Calcium Requirements
The new Dietary Reference Intakes (DRI) for calcium, magnesium, phosphorus, fluoride, and vitamin D were released August 13, 1997 by the Food and Nutrition Board of the National Academy of Science (NAS). The bone related nutrients were the first of a series of reports to be released. Six additional reports--on folate and B vitamins, antioxidants, macronutrients, trace elements, electrolytes and water, and other food components--will follow.
Unlike the RDAs, which established the minimal amounts of nutrients needed to be protective against possible deficiency, the new values are designed to reflect the latest understanding about nutrient requirements based on optimizing health in individuals and groups. The new recommendations, which included four categories of reference (see Table 1), were made by a group of more than 30 U.S. and Canadian scientists who examined the results of hundreds of nutritional studies on both the beneficial aspects of nutrients and the hazards of taking too much of a nutrient. Where the scientific evidence allowed, the committee made recommendations aimed at helping individuals at different stages of life obtain enough of a nutrient to promote bone strength and to maintain normal nutritional status.

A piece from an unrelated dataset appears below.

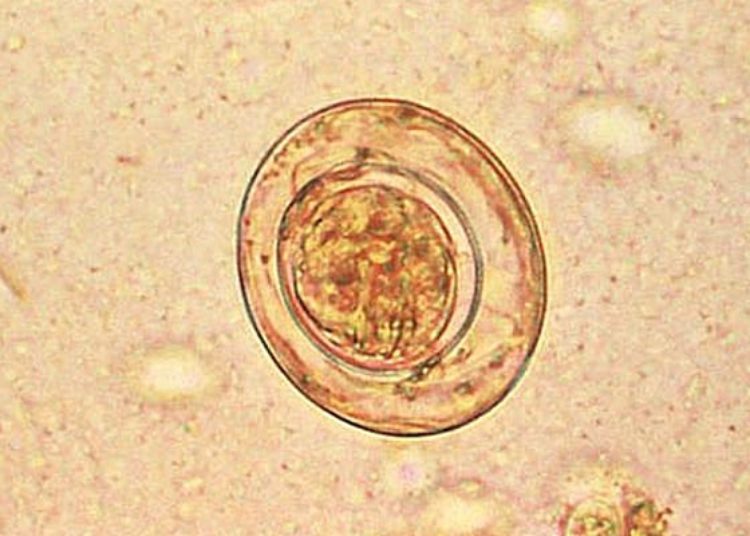 Neoplastic tapeworm cells may invade human tissue in immunocompromised hosts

Suggested uses of the DRIs are summarized in Table 2.
Calcuim recommendations were set at levels associated with maximum retention of body calcium, since bones that are calcium rich (high bone density) are known to be less susceptible to fractures. Maximal retention is determined as the intake which provides no additional benefit to calcuim retention/bone accretion. In addition to calcium consumption, other factors that are thought to affect bone retention of calcium and the risk of osteoporosis include high rates of growth in children during specific periods, hormonal status, exercise, genetics, and other diet components.
Our laboratory determined maximal retention calcium intakes for adolescents to be 1300 mg/d. The model developed by our research group was used to determine maximal calcium retention for other age groups. The new DRIs for calcium are given in Table 3.

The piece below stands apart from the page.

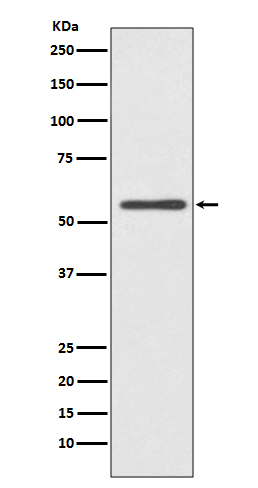 CYP2E1 Rabbit mAb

Achieving Adequate Calcium Intakes
The gap between current calcium intakes (See Table 4 from CSF II 1994 survey data) and requirements is even wider for some age groups. Our challenge and responsibility as educators, health professionals, and caretakers of individual's diets, is to close this gap.
Although the NAS report does not prescribe a means for increasing individual consumption of calcium, it suggests that possible methods for doing so include educating consumers to eat more calcium-rich foods, fortifying foods, and recommending dietary supplements. Individuals who wish to increase their calcium can consume more low- or non-fat dairy products or fortified food products. According to the report, taking supplements such as calcium tablets may be appropriate for those at high risk of health problems due to low calcium intake.

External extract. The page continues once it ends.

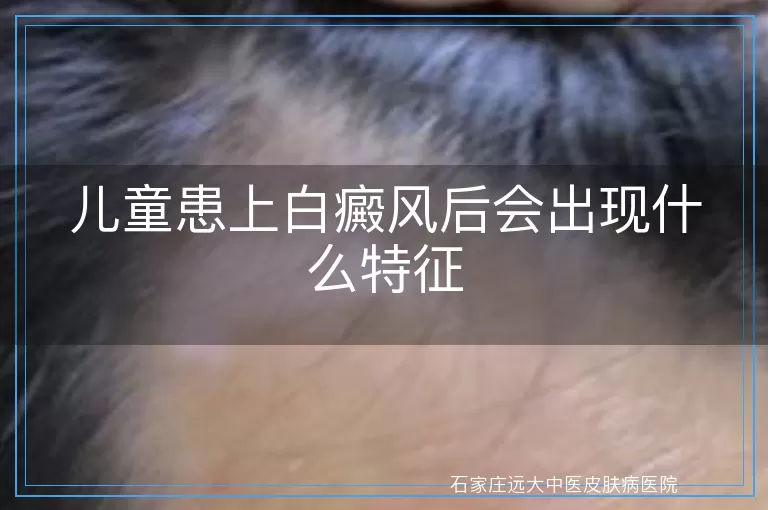 儿童患上白癜风后会出现什么特征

Dairy foods provide 75% of the calcium in the U.S. diet. This is problematic if 80% of the world is lactose insufficient. Vegetables and grains can provide calcium, but the quantities required to replace the amount of calcium in even a single glass of milk practically limit the role of other unfortified foods6. (See Table 5). Fortified foods could provide additional choices for meeting calcium requirements with the caution that individuals who consume less milk also have lower intakes of vitamin A, folate, riboflavin, vitamin B6, magnesium, and potassium7.
Calcium bioavailability in soybeans is comparable to milk8. However, the calcium content of soy products varies widely. Some soy products are calcium rich and can be substituted for milk on an equivalent basis. For example, a 100-gram serving of calcium-set tofu provides as much absorbable calcium as a glass of milk. Calcium fortified soy milk is a good source of calcium, which should be offered as an alternative to milk in school lunch programs.
Some dietary constituents increase urinary calcium loss, and thus, impact calcium retention even though they do not affect calcium absorption. For every gram of dietary salt consumed, approximately 26 mg calcium is lost in the urine. For every gram of metabolizable protein, approximately 1 mg additional calcium in the urine is lost. Thus, choices present themselves to meet individual needs. Diets can be constructed which are higher in calcium or lower in salt, protein, caffeine, and other constituents which lead to calcium loss.
I recommend that individuals try to get at least one calcium-rich source at every meal.
REFERENCES
- Consensus Development Conference. Diagnosis prophylaxis, and treatment of osteoporosis. Am. J. Med. 94:646-649, 1993.
- Gitsany, V., Gibbens, D.T., Carlsen, M., Boechat, M.I., Cann, C.E., and Schulz, E.E. Peak trabecular vertebral density: A comparison of adolescent and adult females. Calcif. Tissue Int. 43:260-262, 1988.
- Theintz, G., Buchs, B., Pizzoli, R., Slosman, D., Clavien, H., Sizonendo, P.C., and Benjour, J.P. Longitudinal monitoring of bone mass accumulation in healthy adolescents: Evidence for a marked reduction after 16 years of age at the levels of lumbar spine and femoral nect in females subjects. J. Clin. Endocrinol. Metab. 75:1060-1065, 1992.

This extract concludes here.